Top of Exercise data

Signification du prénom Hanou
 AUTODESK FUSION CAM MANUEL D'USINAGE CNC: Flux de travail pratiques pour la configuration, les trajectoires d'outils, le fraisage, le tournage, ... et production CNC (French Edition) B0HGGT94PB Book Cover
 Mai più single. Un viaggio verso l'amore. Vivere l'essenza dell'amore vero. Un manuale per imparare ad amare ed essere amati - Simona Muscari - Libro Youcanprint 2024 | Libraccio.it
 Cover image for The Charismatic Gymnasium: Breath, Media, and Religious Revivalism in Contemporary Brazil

Bottom of Exercise data

#### [Task goal]
Only the line containing "Mai più single." and the lines after it, through the end of the data, should be copied, exactly as they are.

#### [Task answer]
 Mai più single. Un viaggio verso l'amore. Vivere l'essenza dell'amore vero. Un manuale per imparare ad amare ed essere amati - Simona Muscari - Libro Youcanprint 2024 | Libraccio.it
 Cover image for The Charismatic Gymnasium: Breath, Media, and Religious Revivalism in Contemporary Brazil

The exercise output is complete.